Bitcoin Basics: Why People Buy Cryptocurrency
You don’t have to understand bitcoin to realize that banks, businesses, the bold, and the brash are cashing in on cryptocurrency. In 2016, the price of a bitcoin was $710.09. On February 21, 2019, the exchange rate for a single bitcoin was $3,890. It doesn’t take an economics degree to know that the folks who invested in bitcoin a few years ago are now patting themselves on the back — but the good news is, it’s not too late to get in the game.

It may seem hard to believe that a digital currency could be worth thousands of dollars. After all, unlike physical currency like precious metals or printed money, bitcoin is just lines of code. So what makes bitcoin so valuable?
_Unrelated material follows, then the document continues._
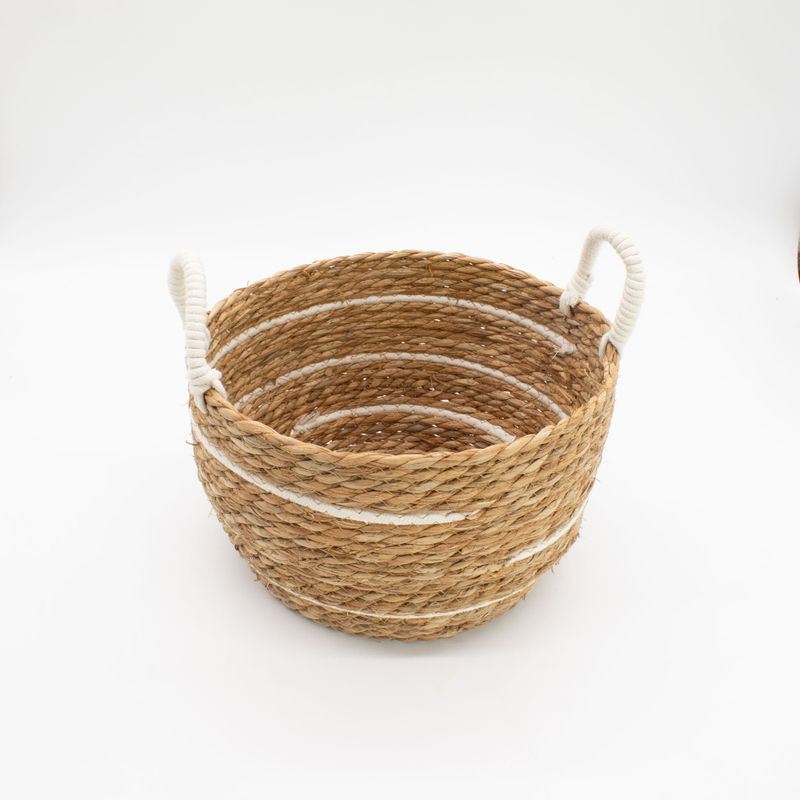 Velike košare od pamuka i morske trave - prirodne pruge - set od 3 (32.5cm 29.5cm 24cm)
The worth of currency used to be stipulated by precious metals. From 1879 until 1933, for example, Americans could trade the federal government $20.67 for an ounce of gold. For the United States, that all changed at the height of the Great Depression when America faced mounting unemployment rates and spiraling deflation. In 1933, President Franklin D. Roosevelt decided to cut the United States’ ties to gold, effectively allowing the Federal Reserve to pump more money into the economy than the federal government had the gold to back.

The United States now has what is called a “fiat” money system, meaning the dollar’s value is determined by faith, rather than a physical asset. The dollar, for example, is worth far more than the value of the ink and paper that it’s printed on. Bitcoin functions by the same principles. Although the lines of code that make up each bitcoin are worthless in and of themselves, the international market has come to value each bitcoin at thousands of dollars. That’s because bitcoin is scarce and becomes more difficult to obtain over time. Here’s why:

When the bitcoin program was launched on January 3, 2009, bitcoin was produced at a rate of 50 bitcoin every 10 minutes, or 7,200 bitcoin every day. As of February 2019, 7,200 bitcoin would be worth about $28 million, but at the time each bitcoin was worth just a few cents.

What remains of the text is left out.